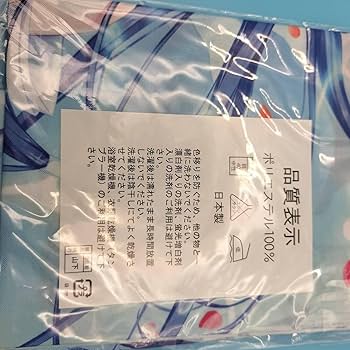 アトリエかぐや　choco-chip　アクリルアートスタンド アトリエかぐやオンラインくじchoco-chipアクリルスタンドC賞仙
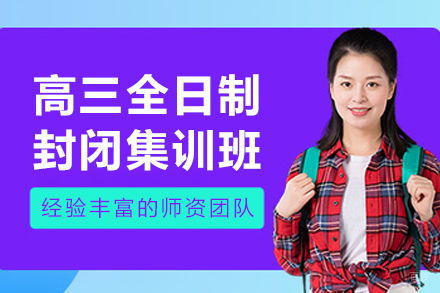 大连高三全日制封闭集训班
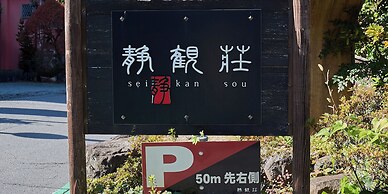 Seikanso
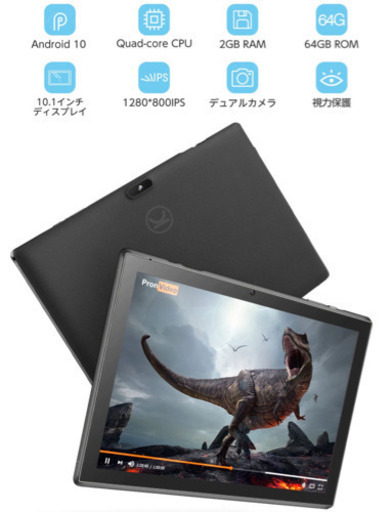 VANKYO MatrixPad S10T 64G Tablet 10型 1年保証付　新品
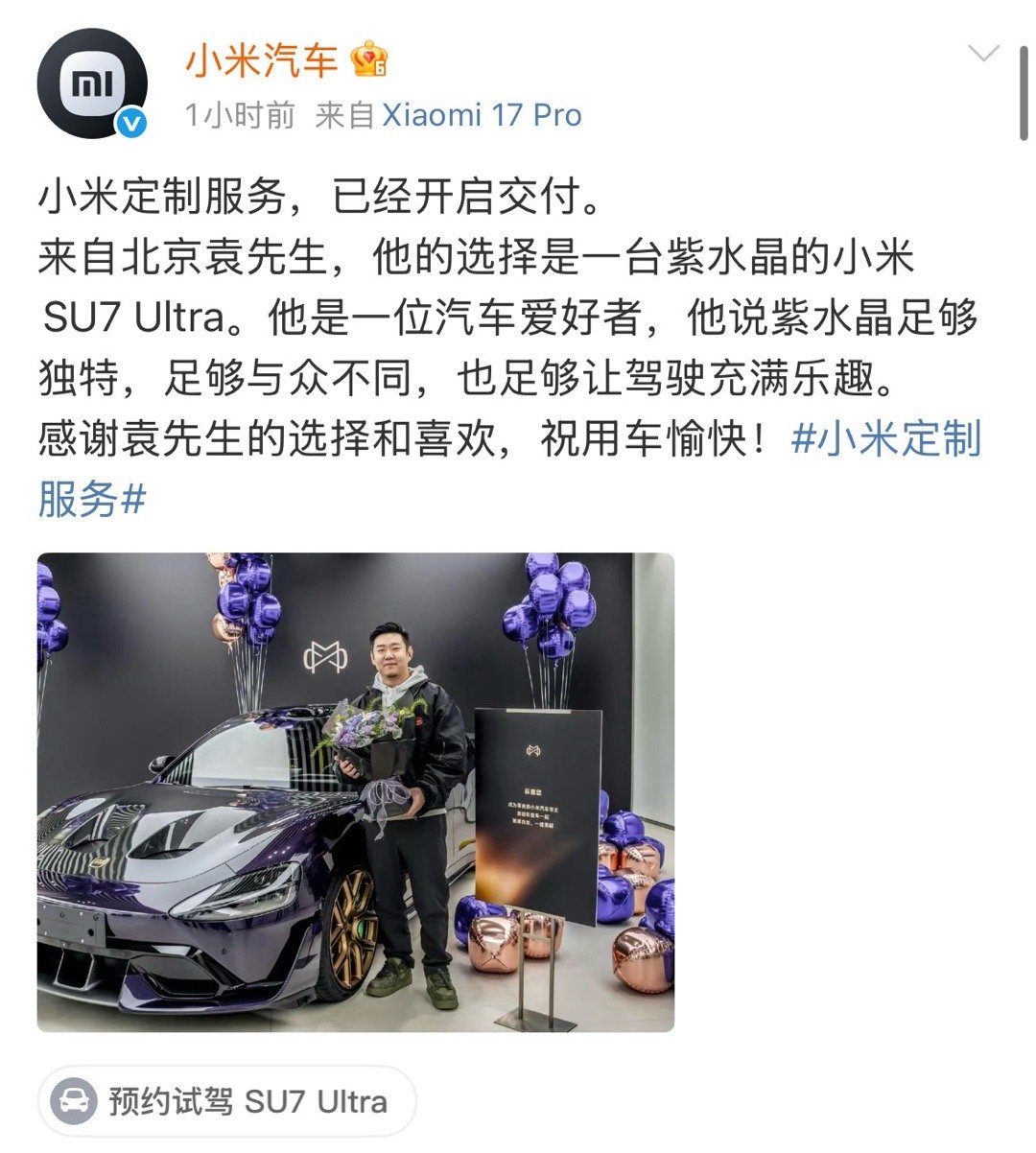 这个车主品味不一般！这个颜色好看，高级！小米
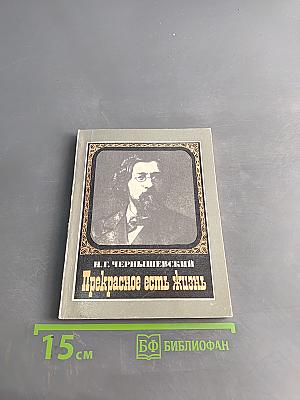 Прекрасное есть жизнь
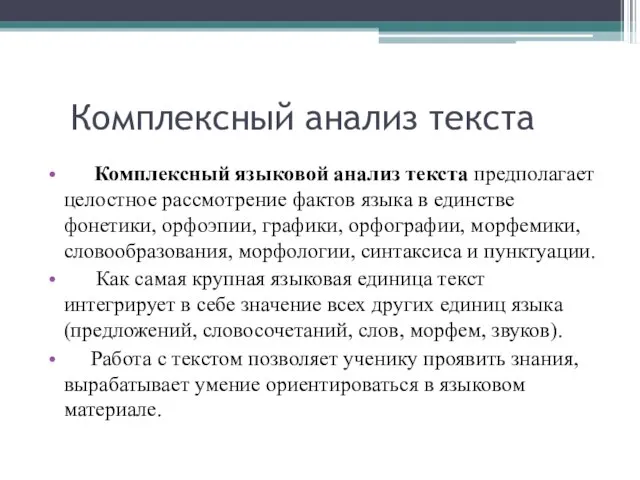 Комплексный анализ текста Комплексный языковой анализ текста предполагает целостное рассмотрение фактов языка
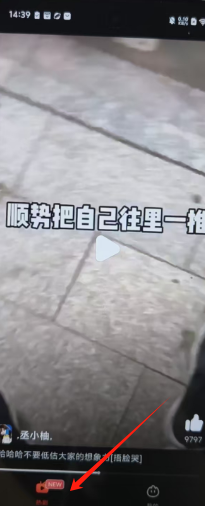970dc95d11baae3045be76d62063fe2.png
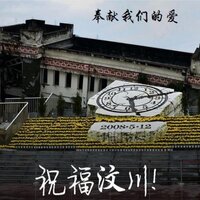 奉献我们的爱 - 朱跃明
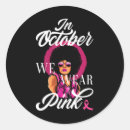Pesquisar por outubro rosa adesivos Preto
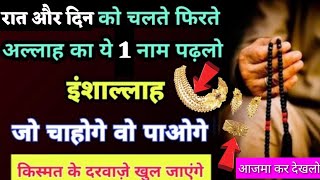 Raat Din Chaltey Firtey Wazifa Padhey Rizk Dolat ka Wazifa Allah Ke Naam Ka Powerful Wazifa #wazifa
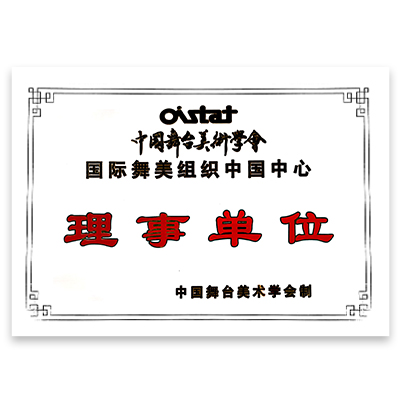 <strong><span style="font-size:14px;line-height:28px;font-family:Microsoft YaHei;">中国舞台美术学会</span></strong><span style="line-height:24px;"><br />
<span style="font-family:Microsoft YaHei;">国际舞美组织中国中心<br />
</span></span><span style="font-family:Microsoft YaHei;">理事单位</span>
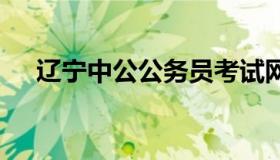 辽宁中公公务员考试网 辽宁中公职位库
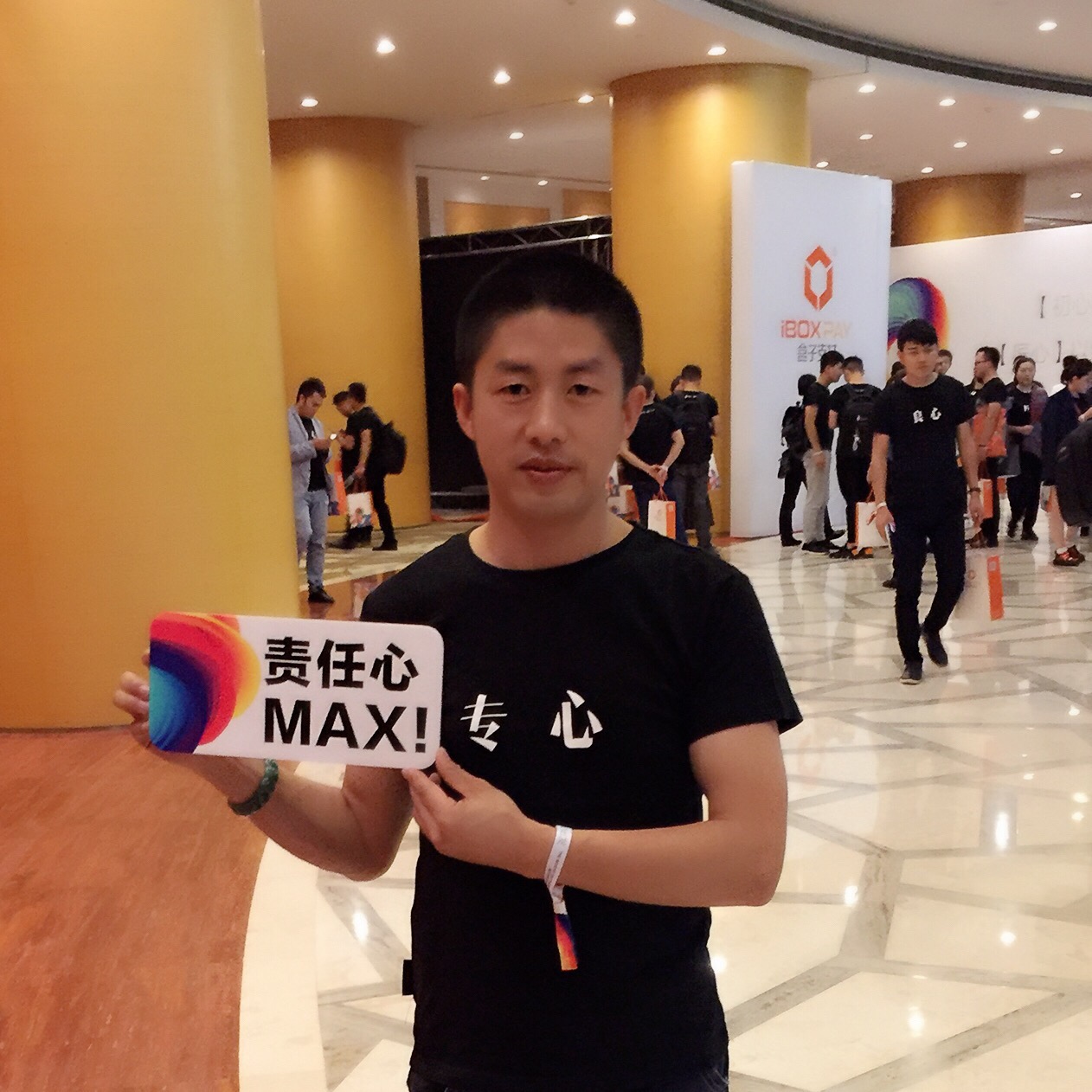 会员308846801的照片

-- Goal of the exercise --
Only the lines from the top of the data through the line with "奉献我们的爱 - 朱跃明" should be quoted, exactly and with both ends kept; skip the pictures.

-- Expected output --
 アトリエかぐや　choco-chip　アクリルアートスタンド アトリエかぐやオンラインくじchoco-chipアクリルスタンドC賞仙
 大连高三全日制封闭集训班
 Seikanso
 VANKYO MatrixPad S10T 64G Tablet 10型 1年保証付　新品
 这个车主品味不一般！这个颜色好看，高级！小米
 Прекрасное есть жизнь
 Комплексный анализ текста Комплексный языковой анализ текста предполагает целостное рассмотрение фактов языка
970dc95d11baae3045be76d62063fe2.png
 奉献我们的爱 - 朱跃明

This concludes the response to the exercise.